The biggest thing is making the port window in the cylinder larger than the runner going to it. I've seen this on almost every intake port I've seen for this cylinder. My experience has always shown when you have an area that increases in size before the charge inters the cylinder, it lets the charge slow down and fuel separate. This will cause a decrease in torque and will cause large droplets of gas to enter the cylinder that do not burn as well, causing a decrease in power. I have always found it better to have a one or two degree taper into the cylinder with at least a straight runner going to it. No increases in volume anywhere. That and an 80 grit texture on the surface just to create just enough turbulence to keep the fuel suspended in air stream. Never polish and intake runner that has fuel going through it, that does bad things.

Another thing is indiscriminate hogging. Every flake of metal you remove should serve a specific purpose, to increase airflow/velocity. What looks good to the eye might not look worth a darn to the air passing through it. The higher the rpm, the more porting may be required, but a work two stroke will not need same amount of metal removed as a completion/race two stroke and you want to leave as much as possible to get keep the crankcase volume to a minimum. Sometimes to the point of actually going in with epoxy and fillers to reduce the volume. Sometimes on a 10,000 rpm boat motor, I've cut and epoxied enough they don't even look like the same motor inside but on the same motor to pull a skier with, I may do very little grinding, just in some key areas to improve velocity.


----------



## weimedog

Way2Slow said:


> Looking for a place to ask this and here looks like a good place.
> What do ya'll use to do transfer ports in these small cylinders? I have C.C. Specialties 1MC and 3MC right angle heads I use on boat motors but these are too large for the transfer ports in a 48mm MS360 port I'm wanting to do.
> I'm retired now and basically gotten out of the porting business and really don't care to buy their 300AMC @ $400 just to do one or two cylinders for one chain saw.

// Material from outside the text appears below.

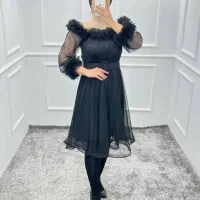 مجلسی اصفهان|لباس|اصفهان, آبشار|دیوار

Years back I bought a small pneumatic right angle grinder when they first came out for $100 to play with but that cheap thing broke fairly quickly and I see they are wanting $300 for those now.
> 
> I see a lot of people doing porting on here and figure they all can't be in the business with these high dollar tools I've been using and there must be something cheaper that will work for a few cylinders.
> 
> I'm new on here and have been doing a ton of searches on a good port map for the MS360 and I've seen several things I have noticed people doing on these cylinders I've never found advantageous to do.
> The biggest thing is making the port window in the cylinder larger than the runner going to it. I've seen this on almost every intake port I've seen for this cylinder. My experience has always shown when you have an area that increases in size before the charge inters the cylinder, it lets the charge slow down and fuel separate. This will cause a decrease in torque and will cause large droplets of gas to enter the cylinder that do not burn as well, causing a decrease in power. I have always found it better to have a one or two degree taper into the cylinder with at least a straight runner going to it. No increases in volume anywhere. That and an 80 grit texture on the surface just to create just enough turbulence to keep the fuel suspended in air stream. Never polish and intake runner that has fuel going through it, that does bad things.
> 
> Another thing is indiscriminate hogging. Every flake of metal you remove should serve a specific purpose, to increase airflow/velocity. What looks good to the eye might not look worth a darn to the air passing through it. The higher the rpm, the more porting may be required, but a work two stroke will not need same amount of metal removed as a completion/race two stroke and you want to leave as much as possible to get keep the crankcase volume to a minimum. Sometimes to the point of actually going in with epoxy and fillers to reduce the volume. Sometimes on a 10,000 rpm boat motor, I've cut and epoxied enough they don't even look like the same motor inside but on the same motor to pull a skier with, I may do very little grinding, just in some key areas to improve velocity.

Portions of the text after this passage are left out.